We are going to seek a canonical transformation to variables $q_\alpha$, $\pi_\alpha$ in which the radial coordinates

$$
\rho_\alpha = \sqrt{q_\alpha^2 + \pi_\alpha^2}
$$

are conserved. This means that we express the transformed Hamiltonian as $H'(q,\pi)\equiv H(x(q,\pi), p(q,\pi))$ and then try to set

$$
q_\alpha \dot q_\alpha +\pi_\alpha \dot \pi_\alpha=q_\alpha \frac{\partial H'}{\partial \pi_\alpha}-\pi_\alpha \frac{\partial H'}{\partial q_\alpha}=0,
$$

which suggests the loss function

$$
\ell(q,\pi) = \sum_\alpha \left(q_\alpha \frac{\partial H'}{\partial \pi_\alpha}-\pi_\alpha \frac{\partial H'}{\partial q_\alpha}\right)^2,
$$

which could be evaluated e.g. on i.i.d. Gaussian variates. Compared to the trajectory approach:

1. We don't need to solve an ODE, but
2. We do need to differentiate to find the gradients.

In [1]:
import sys
sys.path.append("../")
import numpy as np
import tensorflow as tf
import tensorflow_probability as tfp
tfd = tfp.distributions
import matplotlib.pyplot as plt

In [2]:
from hamiltonians import parameterized_neumann, parameterized_oscillator
from models import NICE, SymplecticExchange, SqueezeAndShift, Chain, MLP, IrrotationalMLP, LinearSymplecticTwoByTwo
from utils import visualize_chain_bijector_1d, extract_q_p, join_q_p, is_symplectic, run_eagerly

In [3]:
# tf.enable_eager_execution()
sess = tf.InteractiveSession()
tf.set_random_seed(0)

In [4]:
N = 3
ks = [0.9743002 , 0.15526697, 0.46813834] # Just to fix some values
ks_tensor = tf.constant(ks, dtype=tf.float32, name="ks")
# ks_tensor = tf.constant([1,1,1], dtype=tf.float32, name="ks")

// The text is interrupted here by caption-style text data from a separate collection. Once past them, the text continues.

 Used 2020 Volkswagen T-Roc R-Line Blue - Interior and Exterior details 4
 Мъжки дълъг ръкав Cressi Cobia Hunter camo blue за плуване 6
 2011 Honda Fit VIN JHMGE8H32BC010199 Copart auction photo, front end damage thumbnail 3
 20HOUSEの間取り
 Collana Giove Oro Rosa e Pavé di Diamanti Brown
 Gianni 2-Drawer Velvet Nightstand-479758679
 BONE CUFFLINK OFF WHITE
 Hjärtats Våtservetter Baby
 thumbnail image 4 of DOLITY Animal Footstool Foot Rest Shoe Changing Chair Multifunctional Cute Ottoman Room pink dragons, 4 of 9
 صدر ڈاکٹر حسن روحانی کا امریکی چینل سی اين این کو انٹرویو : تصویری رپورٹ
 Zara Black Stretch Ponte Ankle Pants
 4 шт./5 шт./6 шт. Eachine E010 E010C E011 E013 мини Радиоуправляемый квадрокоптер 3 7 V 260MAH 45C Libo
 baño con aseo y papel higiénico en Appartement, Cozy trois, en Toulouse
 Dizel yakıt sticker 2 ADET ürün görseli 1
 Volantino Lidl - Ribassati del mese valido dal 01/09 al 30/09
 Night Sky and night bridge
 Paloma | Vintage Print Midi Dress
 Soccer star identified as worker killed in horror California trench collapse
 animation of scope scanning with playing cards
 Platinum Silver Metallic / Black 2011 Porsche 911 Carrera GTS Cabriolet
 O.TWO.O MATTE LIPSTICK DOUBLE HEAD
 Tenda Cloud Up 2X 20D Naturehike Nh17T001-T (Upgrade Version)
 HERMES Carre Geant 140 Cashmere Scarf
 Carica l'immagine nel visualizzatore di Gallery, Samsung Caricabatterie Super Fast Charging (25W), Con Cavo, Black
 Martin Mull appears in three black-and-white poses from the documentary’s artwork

## Form Transformation by Chaining Bijectors

The idea is to map _from_ trajectories _to_ the phase plane of action angle variables, imposing the condition that the distribution factorizes.

In [5]:
# Suppress the warning till they fix this:
# lib/python3.5/site-packages/tensorflow/python/util/tf_inspect.py:75: 
# DeprecationWarning: inspect.getargspec() is deprecated, use inspect.signature() instead
import warnings
warnings.filterwarnings("ignore")

In [6]:
DTYPE=tf.float32
NP_DTYPE=np.float32
settings = {
    'hamiltonian': parameterized_neumann(ks_tensor), 
    'phase_space_dim': 2*N, 
    'batch_size': 1024,    # Mini batch size 
    'stack_size': 2}        # How many sets of NICE / SymplecticExchange / LinearSymplecticTwoByTwo

Here we try modeling with:

1. `IrrotationalMLP`, which directly generates an irrotational vector field, without using autodifferentiation.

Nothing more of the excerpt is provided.